Practical lessons learned

After running pgvector in production for several months, here’s what I wish I had known earlier:

Choose the right dimension: Smaller embedding models (384–768 dims) are both faster and more storage-efficient — 100k docs at 384 dims only takes about 150MB. Only go to 1536+ when you genuinely need higher accuracy.
HNSW vs IVFFlat: If your dataset is continuously growing, go with HNSW — no debate. IVFFlat only makes sense when the data is nearly static and you need faster index build times on first run.

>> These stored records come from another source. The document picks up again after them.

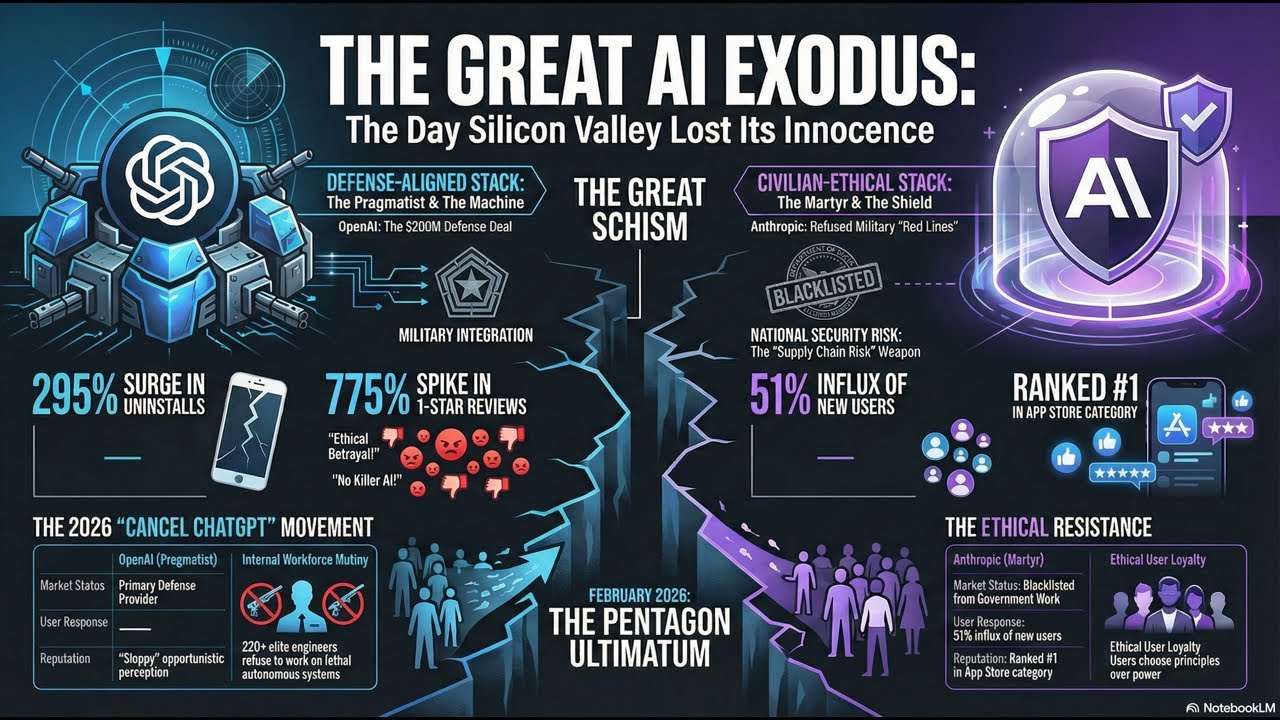 (Podcast) The Great AI Schism Pentagon Contracts and the ChatGPT Exodus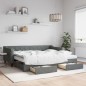 vidaXL Tagesbett Ausziehbar mit Schubladen Dunkelgrau 90x200 cm Stoff vidaXL Tagesbett Ausziehbar mit Schubladen Dunkelgrau 90x200 cm Stoff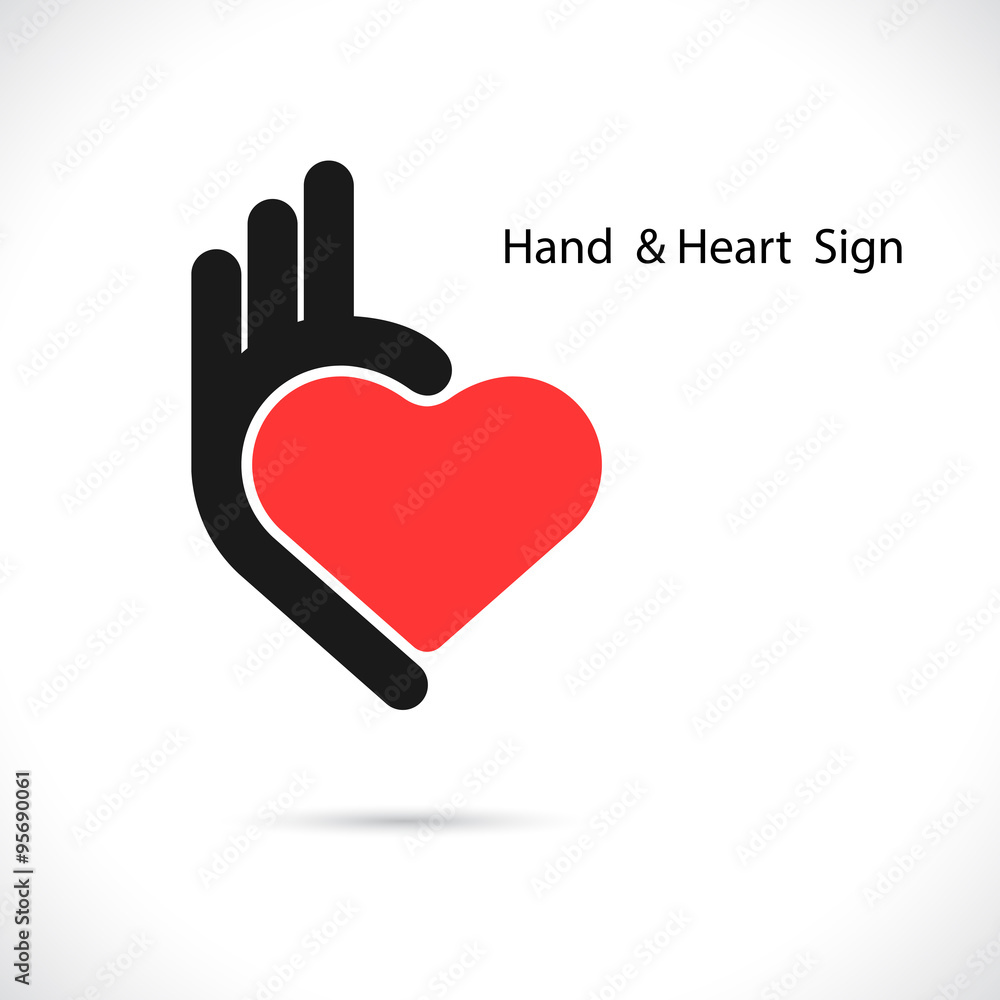 Creative hand and heart shape abstract logo design.Hand Ok symbo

No backup headaches: pgvector data is included in a regular pg_dump — no extra tooling needed, no additional steps to add to your existing PostgreSQL backup workflow.
Connection pooling: pgbouncer in front works perfectly fine with pgvector just like any other PostgreSQL workload — nothing special to configure here.
When to consider Qdrant or Weaviate: When your vector dataset exceeds tens of millions of records and you need horizontal sharding or specialized multi-tenancy. Under 5 million records, pgvector is more than sufficient — and far simpler to operate.